Task brief:
Omit every picture while repeating the entries exactly.

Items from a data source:

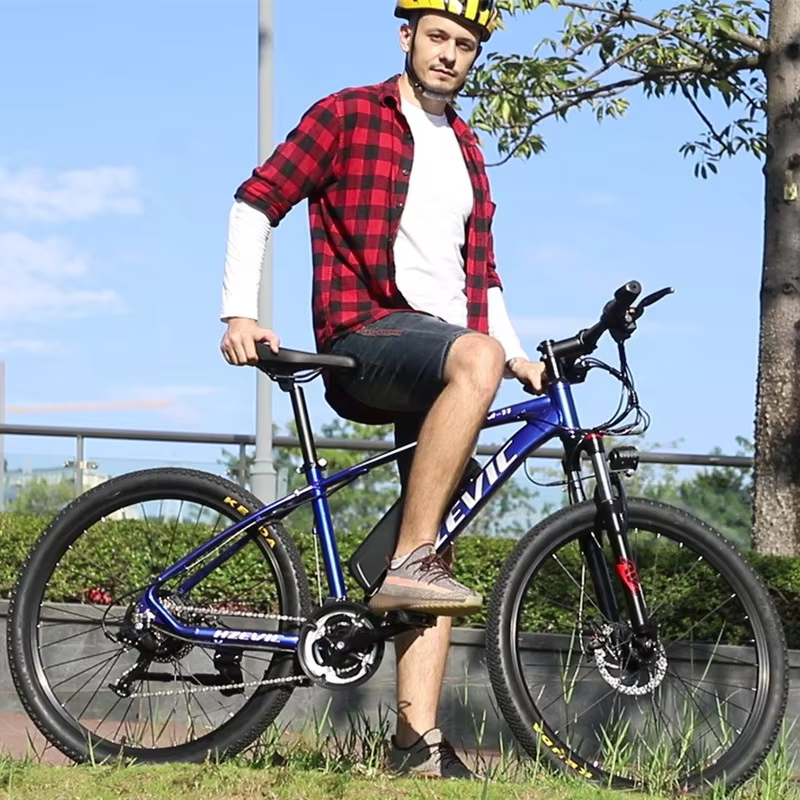 36V 10Ah 350W Electric Bicycle — image 2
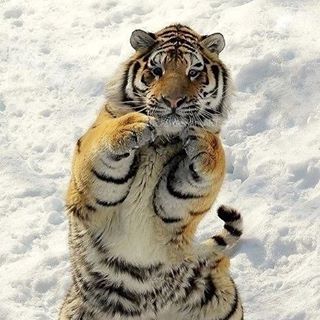 Profile Picture of Sammy Pascua (@sammy.pascua.5) on Facebook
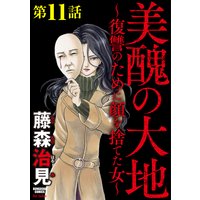 美醜の大地〜復讐のために顔を捨てた女〜(分冊版) 【第11話】共謀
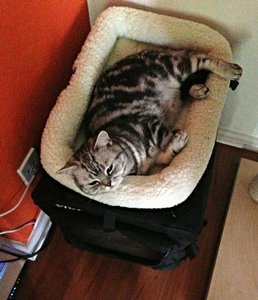 ImageUploadedByTapatalk 21376371195.195829.jpg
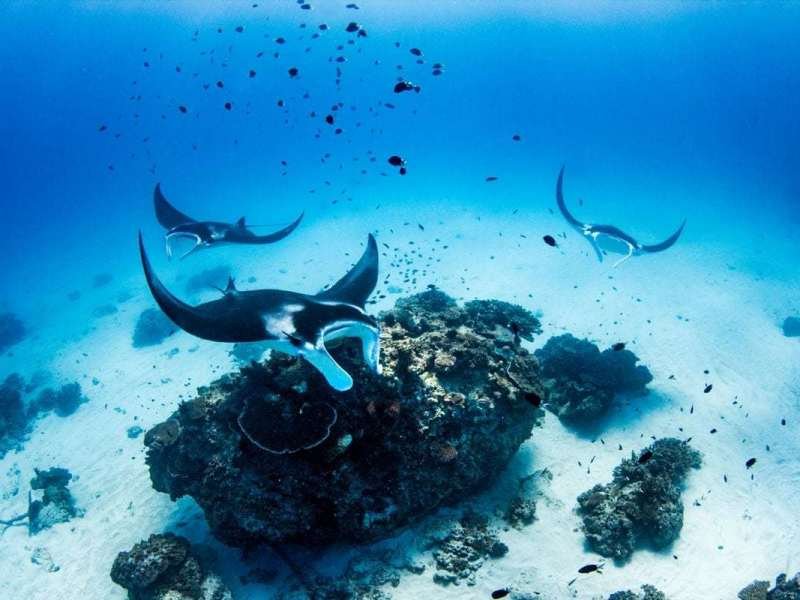 Underwater scene with three black and white manta rays swimming near a coral reef, surrounded by small fish against a blue ocean background.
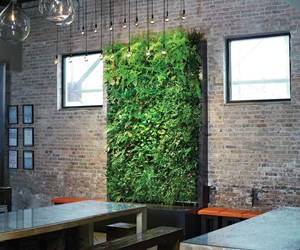 Green Wall Office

Written answer:
 36V 10Ah 350W Electric Bicycle — image 2
 Profile Picture of Sammy Pascua (@sammy.pascua.5) on Facebook
 美醜の大地〜復讐のために顔を捨てた女〜(分冊版) 【第11話】共謀
 ImageUploadedByTapatalk 21376371195.195829.jpg
 Underwater scene with three black and white manta rays swimming near a coral reef, surrounded by small fish against a blue ocean background.
 Green Wall Office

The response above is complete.